Distance and Hop-wise Structures Encoding Enhanced Graph Attention Networks

Huang, Zhiguo, Chen, Xiaowei, Wang, Bojuan

arXiv.org Artificial Intelligence 

Many works have proven that existing neighbor-averaging Graph Neural Networks cannot efficiently catch structure information, such GNNs cannot even catch degree features in some cases. The reason is intuitive: as the neighbor-averaging GNNs can only combine neighbor's feature vectors for every node, if the neighbor's feature vectors contains no structure information, the hop-wise neighbor-averaging GNNs can only catch degree information at best([1];[2];[3]).

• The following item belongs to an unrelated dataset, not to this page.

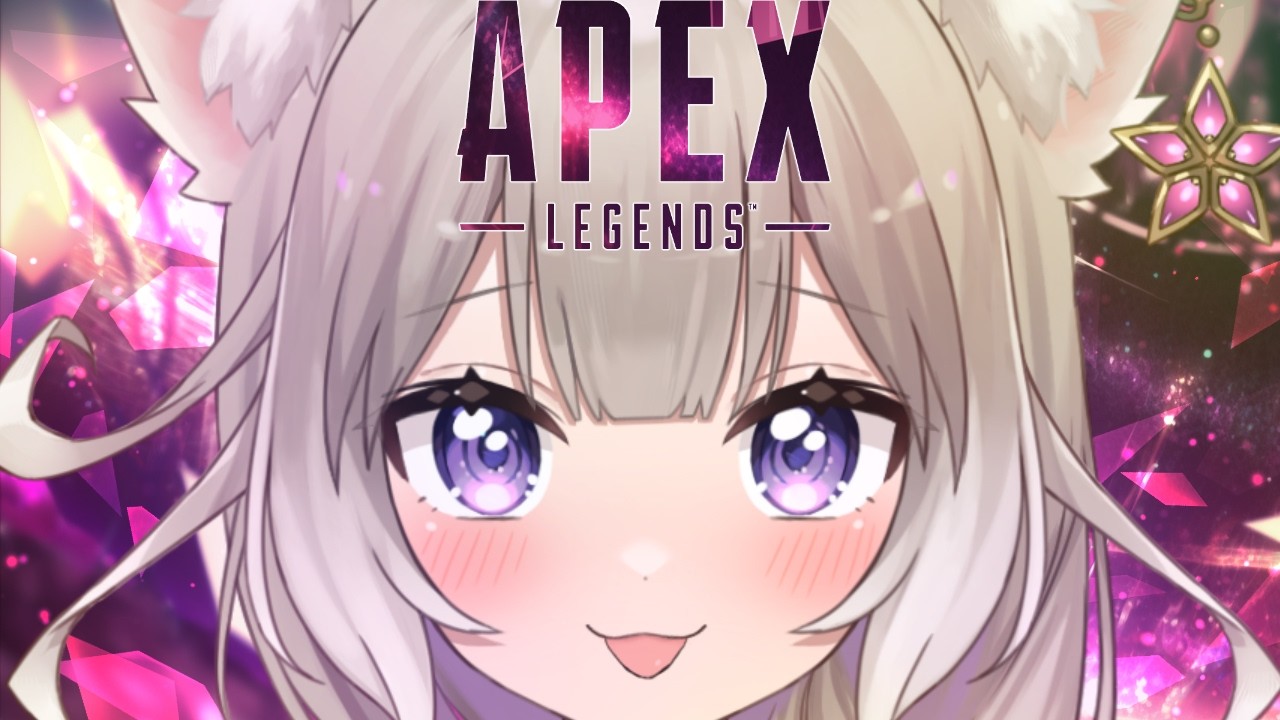 ガラ悪とお姉さんとハムボ【APEX】【夜絆ニウ / NeoPorte (ネオポルテ) 】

So, as an intuitive idea, injecting structure information into feature vectors may improve the performance of GNNs. Numerous works have shown that injecting structure, distance, position or spatial information can significantly improve performance of neighbor-averaging GNNs([4];[5];[6];[7];[8];[9];[10]). However, existing works have their problems. Some of them has very high computation complexity which can not apply to large-scale graph(MotifNet[4]). Some of them simply concatenate structure information with intrinsic feature vector (ID-GNN[6]; P-GNN[8]; DE-GNN[9]), which may confuse the signals of different feature. For example, in ogbn-arxiv dataset, the intrinsic feature is semantic embedding of headline or abstract, which provides total different signal with structure information. Some of them are graph-level-task oriented and only deal with small graph(Graphormer[7]; SubGNN[10]).